L'objectif affiché de cette mission est de « sortir du tout ECN », autrement dit d'en finir avec cette unique épreuve couperet ultra-stressante, et de permettre à chaque étudiant de faire mûrir son projet professionnel dès la deuxième année jusqu'à la sixième.
Déconstruire les clichés
Le constat est partagé par les étudiants et les doyens. Les carabins ingurgitent une masse de connaissances dont ils n'auront pas l'utilité au cours de leur carrière professionnelle. Ce bachotage systématique anxiogène – préparatoire aux ECN – nuit aux apprentissages en stage, souvent délaissés, et fait obstacle à des expériences individuelles enrichissantes (investissement associatif, recherche, mobilité, etc.).

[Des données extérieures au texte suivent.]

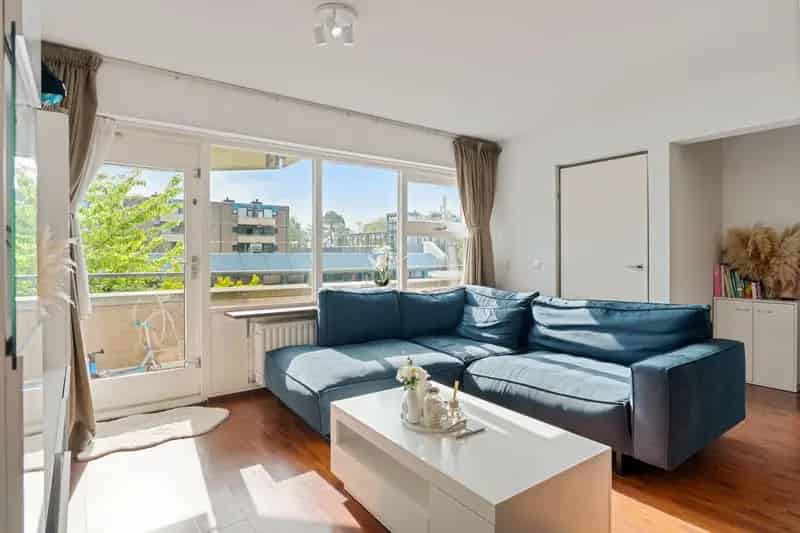 2 Kamerappartement Zoetermeer  Ruim Balkon Airco Starterwoning
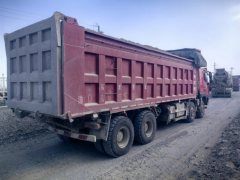 SAIC Hongyan Genlyon 430 hp 8X4 8.3 m - photo 3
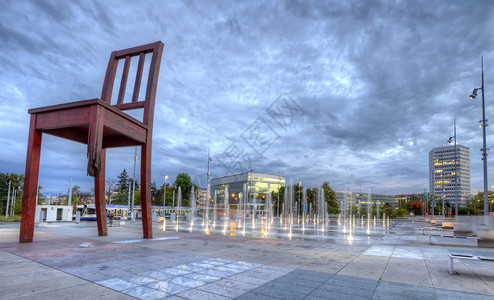 著名的破碎椅子和喷泉联合国地点瑞士日内瓦人类发展报告日内瓦联合的建筑学图片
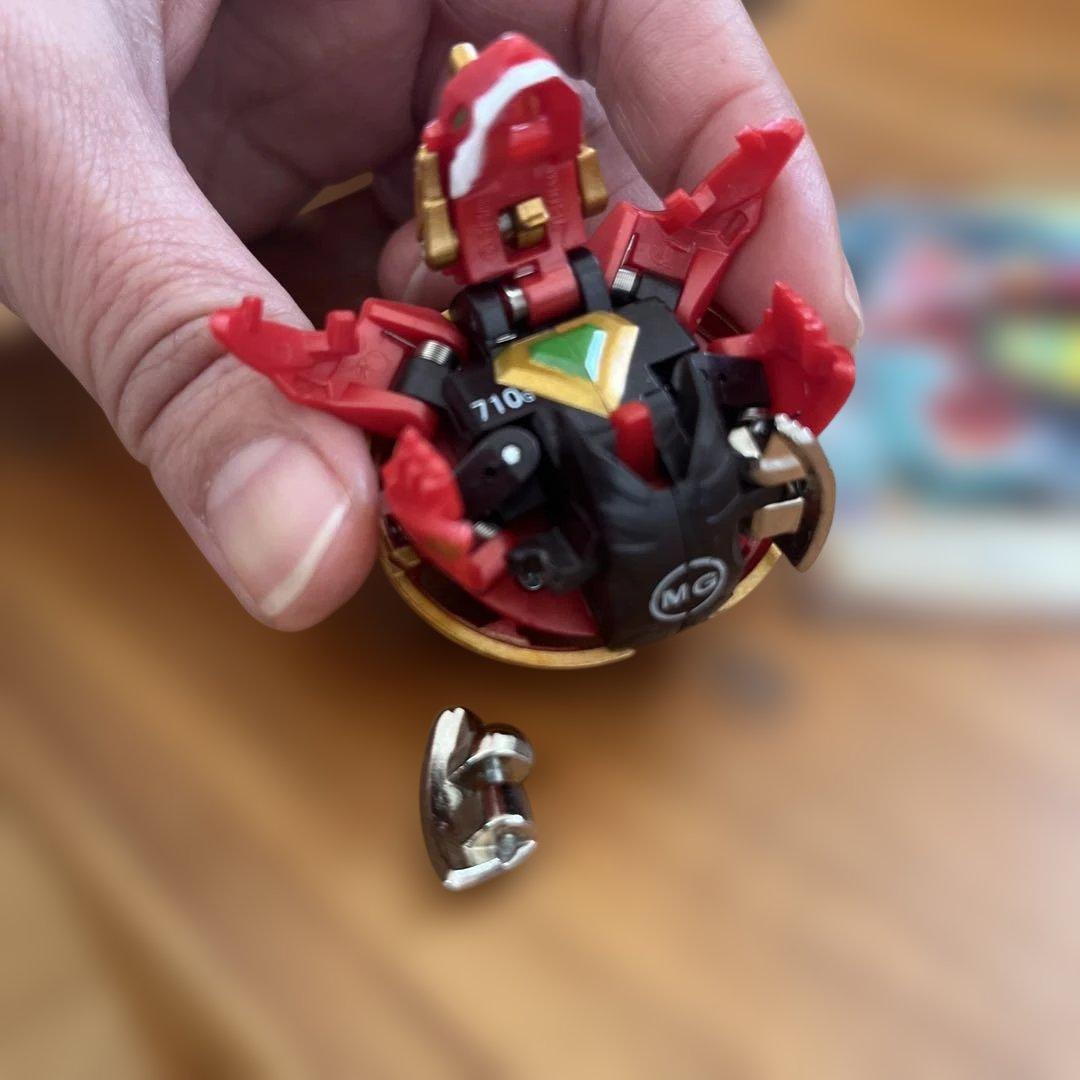 【少々難アリ】爆丸 冥ラスヴォス カード付き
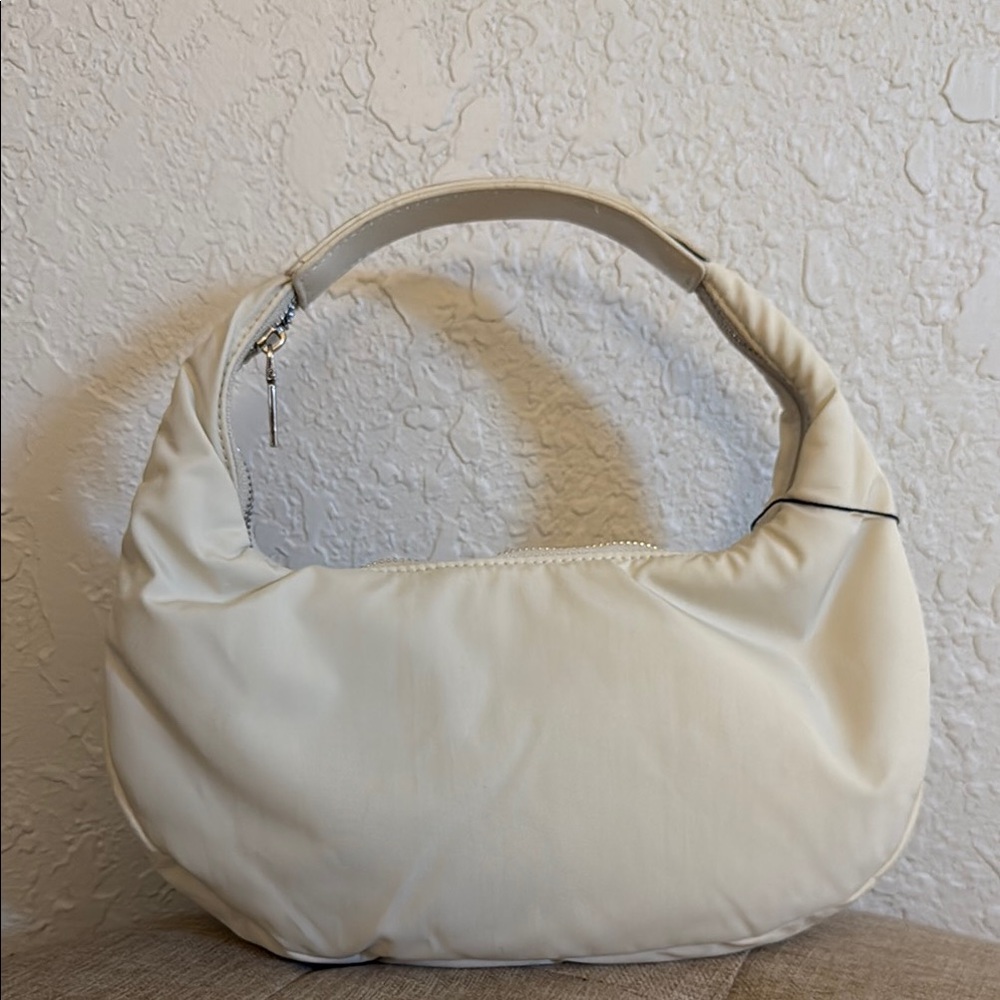PrettyLittleThing Cream Hobo Bag NWT - Picture 3 of 6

De surcroît, le classement final aux ECN, très peu discriminant, reste source de frustration et brise certains projets professionnels. Pour le président de la conférence des doyens et l'ex-représentant des jeunes, ce système est à bout de souffle. « La perte de sens pendant les études revient souvent auprès des étudiants car ce qu'on fait lors de l'externat, ce n'est pas ce qu'on a imaginé », complète Quentin Hennion-Imbault.
Le pari de la réforme est de mieux accompagner la construction d'un projet professionnel. Dans leur esquisse, les deux experts prévoient de faire découvrir aux carabins, dès la deuxième année, l'ensemble des spécialités et des métiers liés à la santé afin de déconstruire tous les clichés. En troisième année, les jeunes effectueraient des stages en dehors de l'hôpital pour appréhender la diversité des modes d'exercice et des pratiques (libéral, recherche, management…). « Mieux connaître les terrains permettra de nourrir des idées chez les étudiants », résume le Pr Dubois-Randé.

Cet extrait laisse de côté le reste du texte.